DATA EXTRACTS:
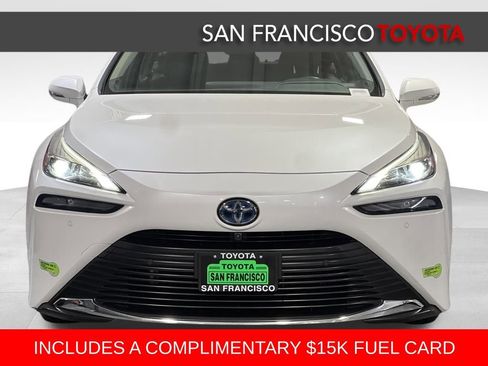 Certified 2022 Toyota Mirai XLE image 8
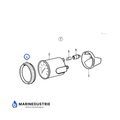 Toerenteller ring Volvo Penta - 873517
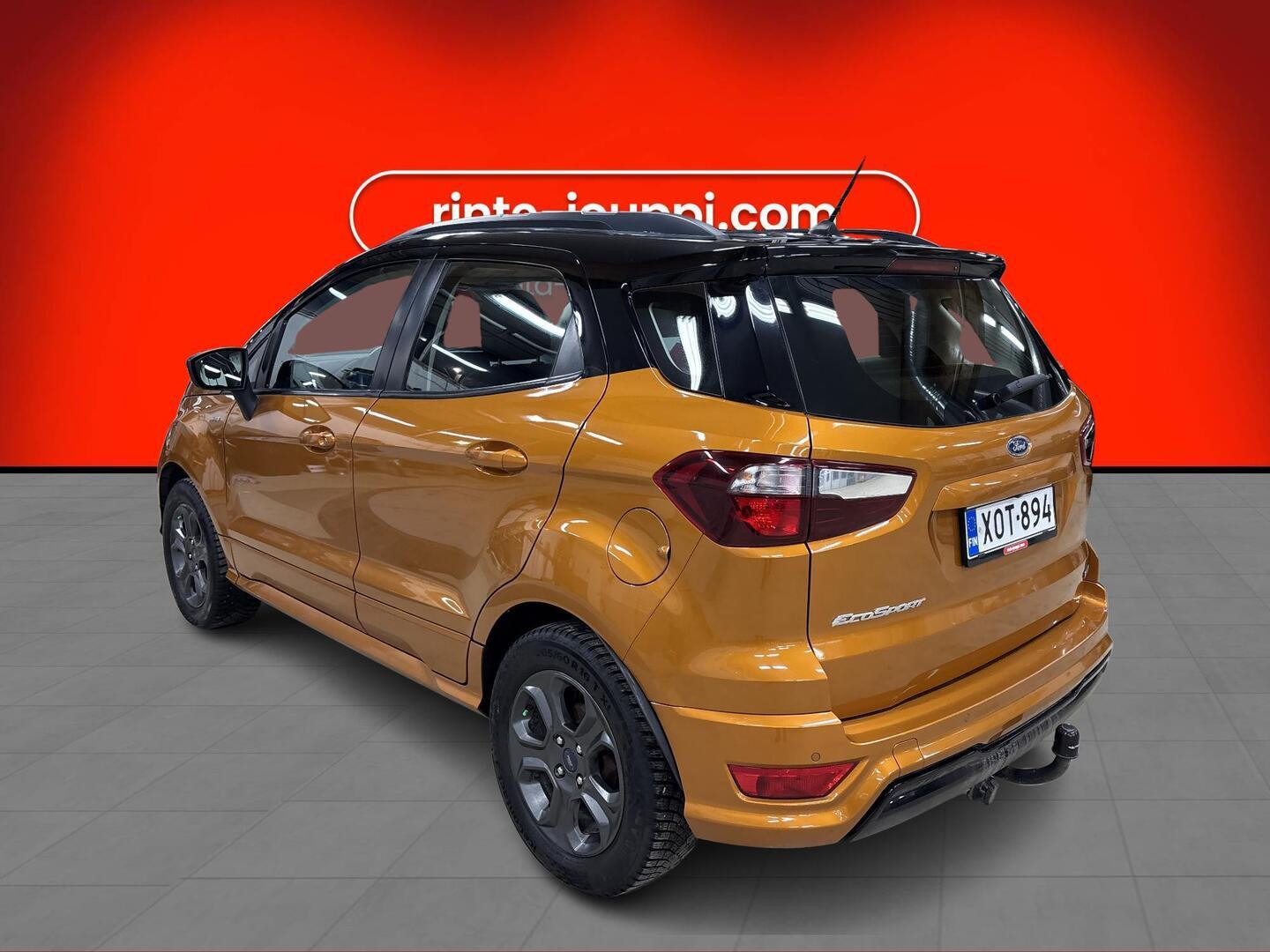 FORD Ecosport 2018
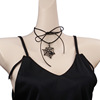 Fashionable necklace, choker, European style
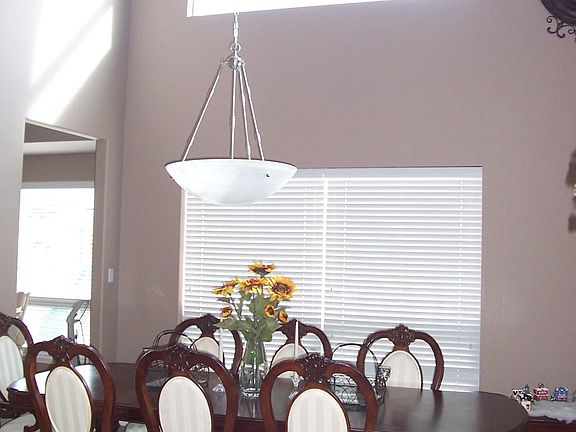 Formal Dining with 20FT ceiling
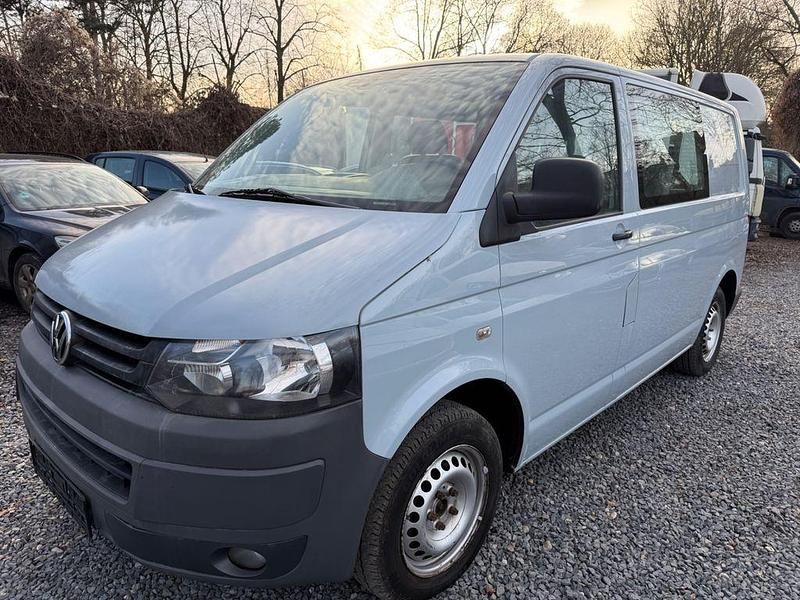 Gebraucht VW Transporter 84 PS (61 kW) 2012 Grau Van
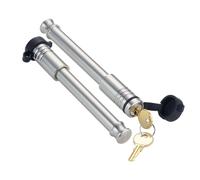 InfiniteRule Security Lot de 2 | (2) verrous d'attelage pour Curt Mfg. Montage sur canal Adj. - (tige de 5,1 cm, 14 K LB)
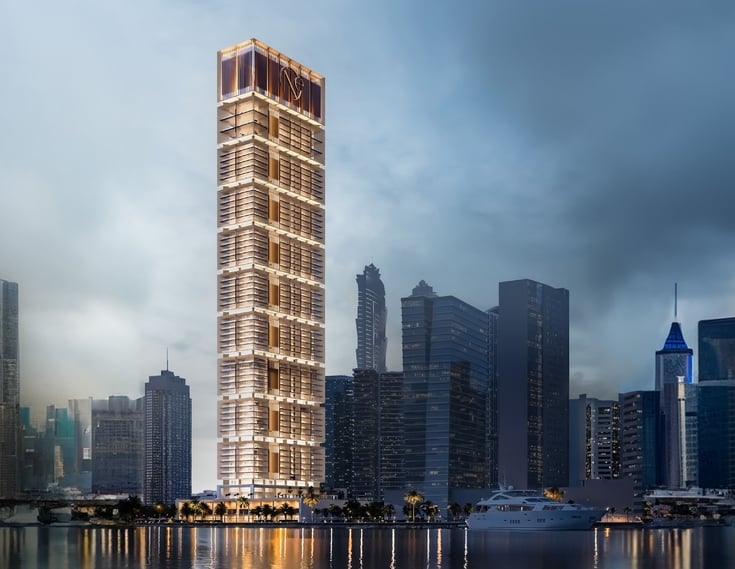 One by Binghatti, image 5 of 16. Render supplied by developer.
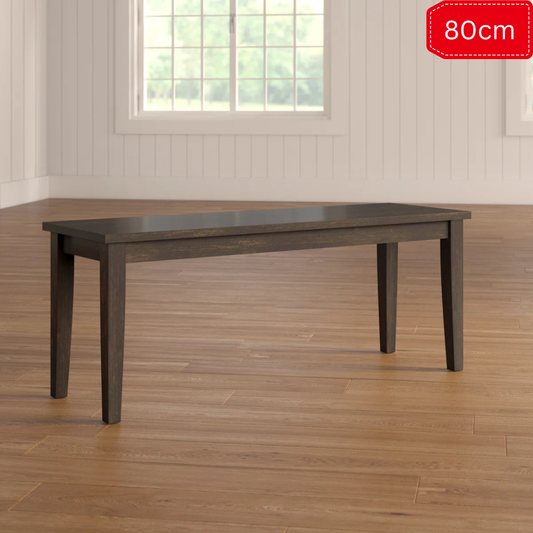 Carpentray 80cm Long Wooden Seating Bench (Walnut) DLP-10W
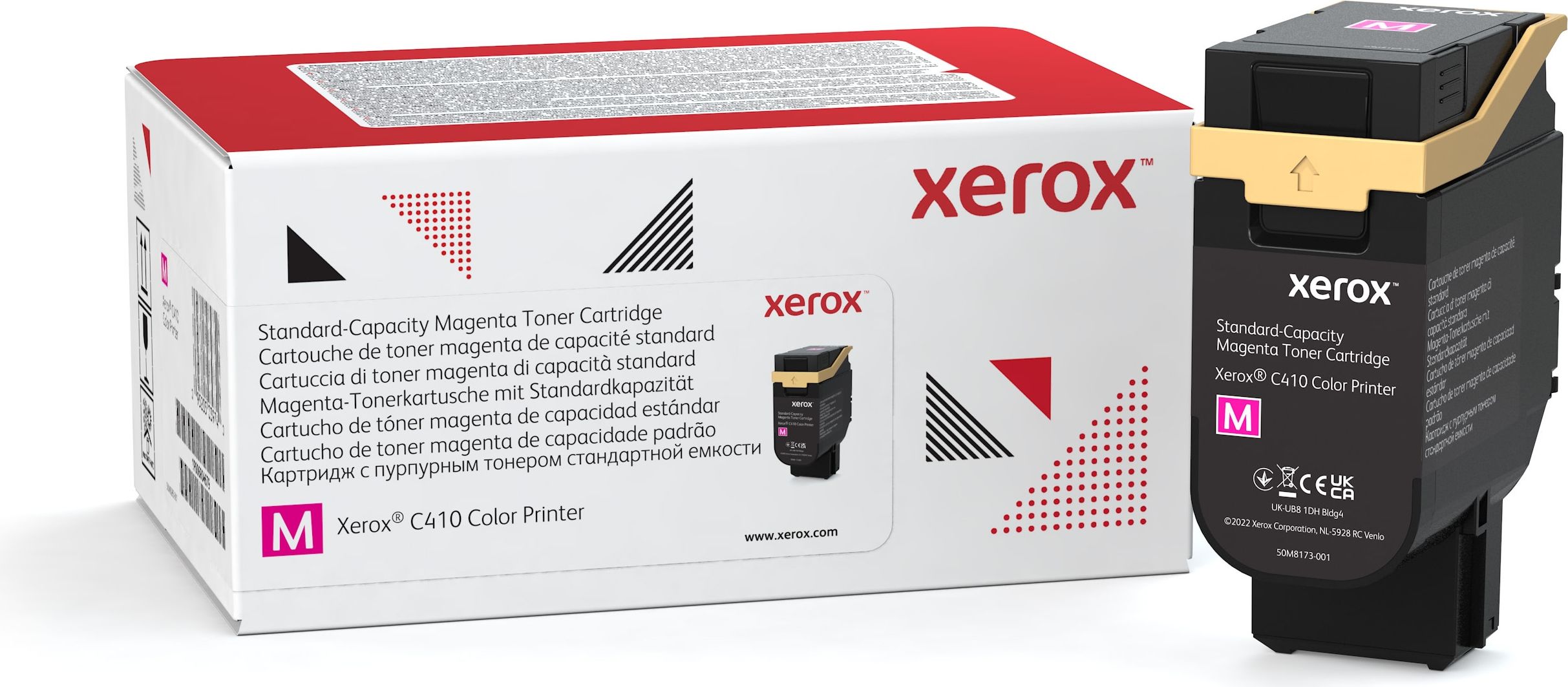 Cartus toner Xerox 100051271 ,Magenta ,2 000 pagini ,Original (006R04679) 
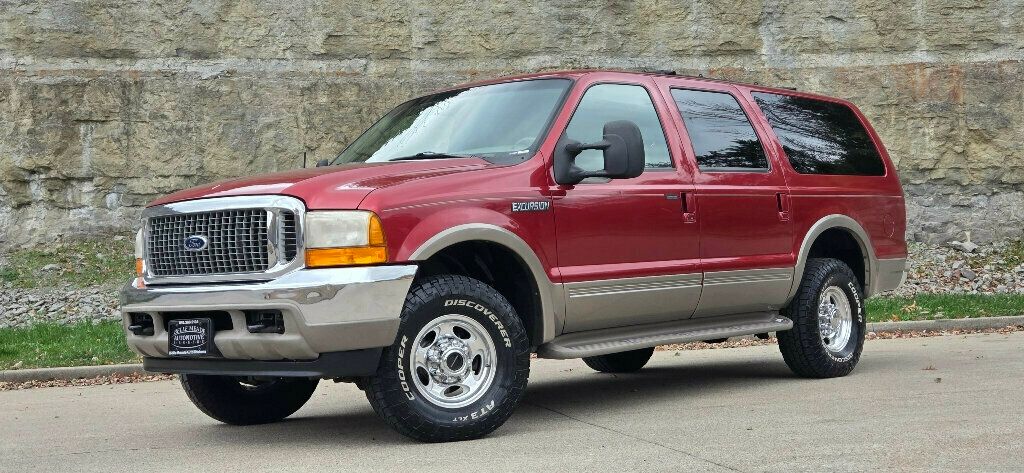 2000 Ford Excursion 137" WB Limited 4WD - 22948053 - 39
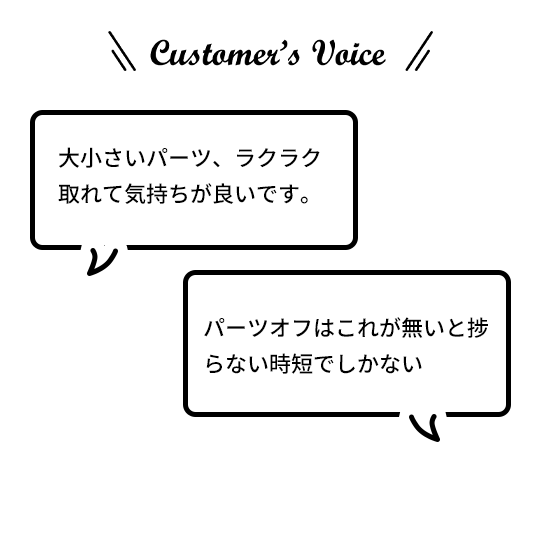 StarBits byWSPTJAPAN パーツオフニッパー ステンレス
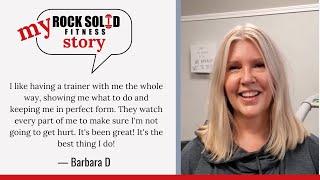 Client Testimonial: Barbara D | Rock Solid Fitness, Dunedin, Florida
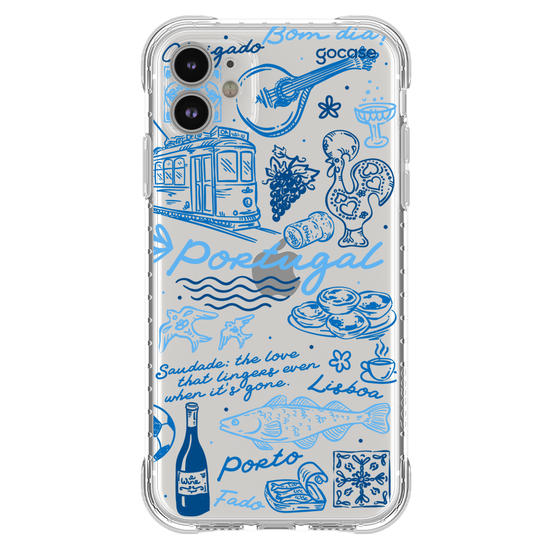 Capinha para celular  Portugal Classic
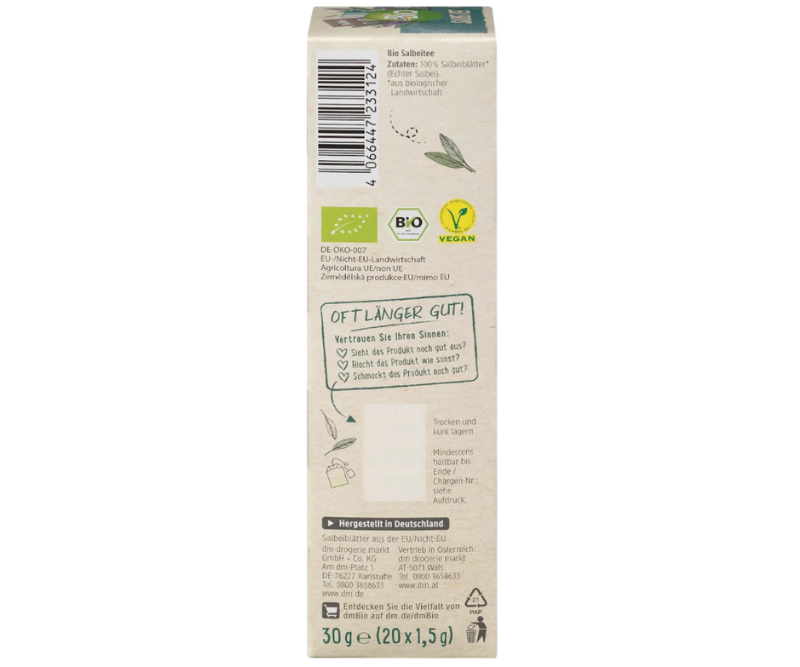 Infusion de Sauge Bio – Image 3
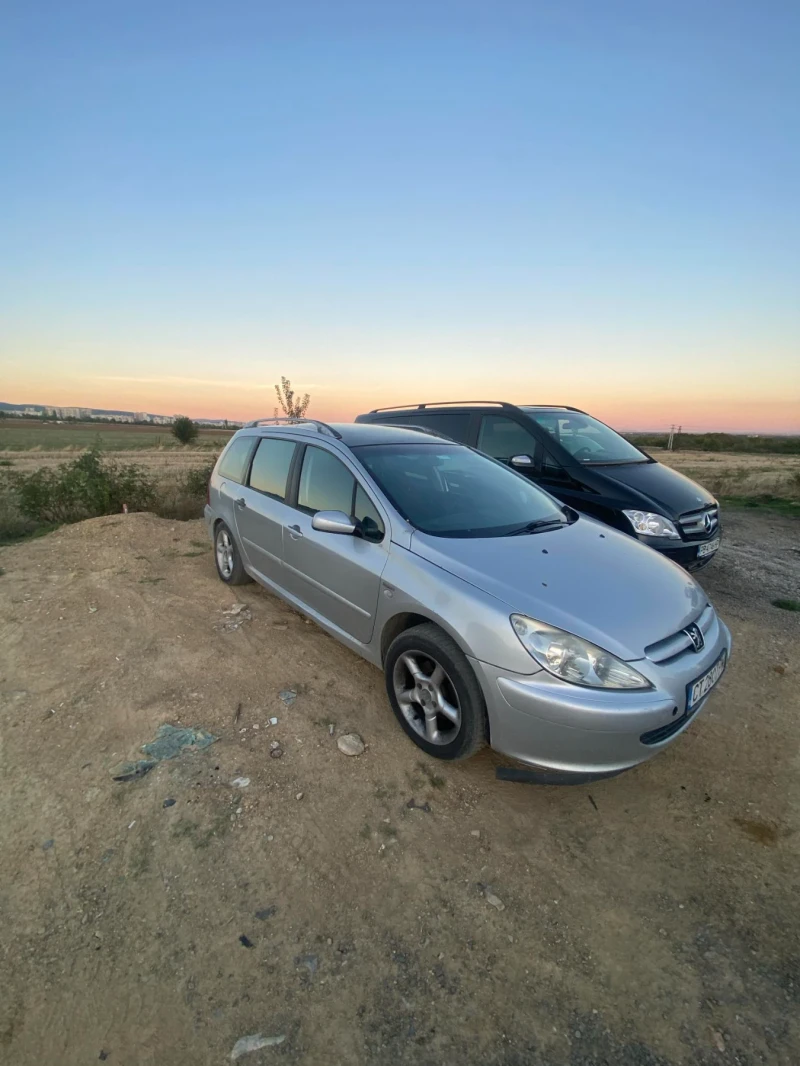 Peugeot 307 2.00 HD, снимка 3 - Автомобили и джипове - 47453495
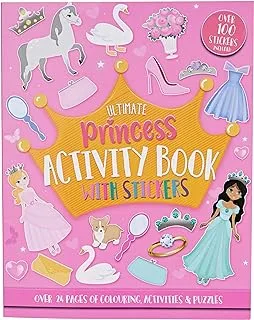 Eurowrap Princess Activity Book-36S Fsc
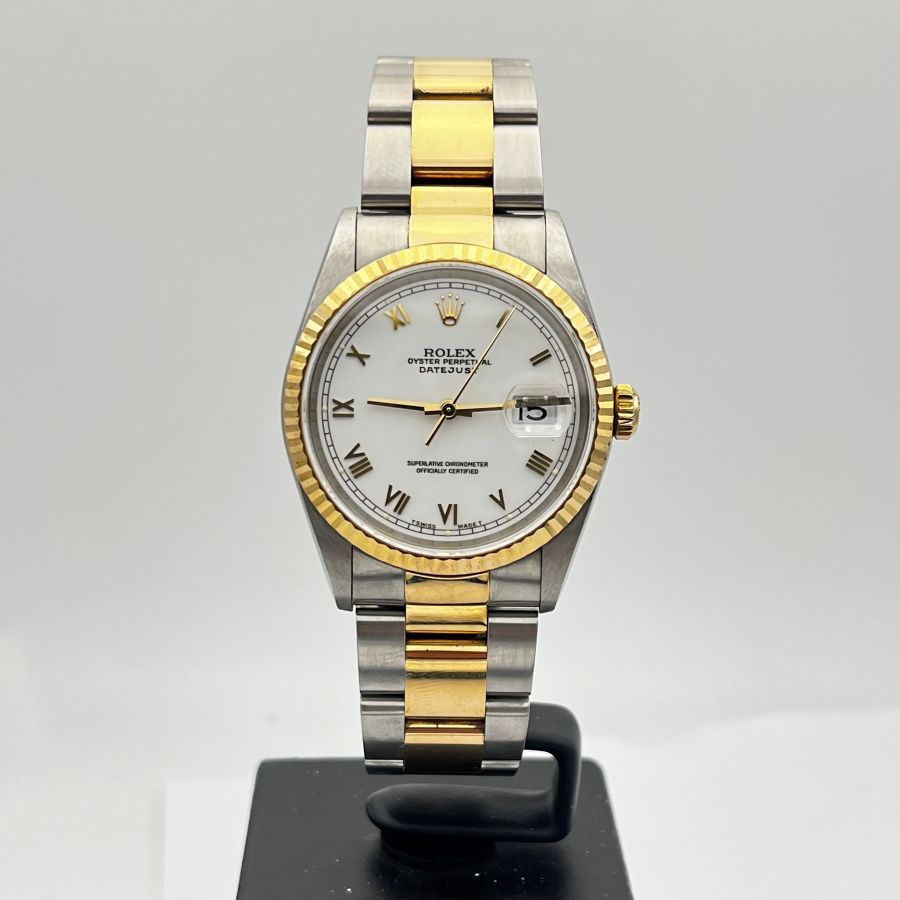 Rolex Oyster Perpetual Datejust 36 Acciaio e Oro Giallo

WHAT TO DO: Beginning with the line that has "2000 Ford Excursion", repeat each remaining line of the data above word for word, keeping pictures out.

ANSWER SECTION:
 2000 Ford Excursion 137" WB Limited 4WD - 22948053 - 39
 StarBits byWSPTJAPAN パーツオフニッパー ステンレス
 Client Testimonial: Barbara D | Rock Solid Fitness, Dunedin, Florida
 Capinha para celular  Portugal Classic
 Infusion de Sauge Bio – Image 3
 Peugeot 307 2.00 HD, снимка 3 - Автомобили и джипове - 47453495
 Eurowrap Princess Activity Book-36S Fsc
 Rolex Oyster Perpetual Datejust 36 Acciaio e Oro Giallo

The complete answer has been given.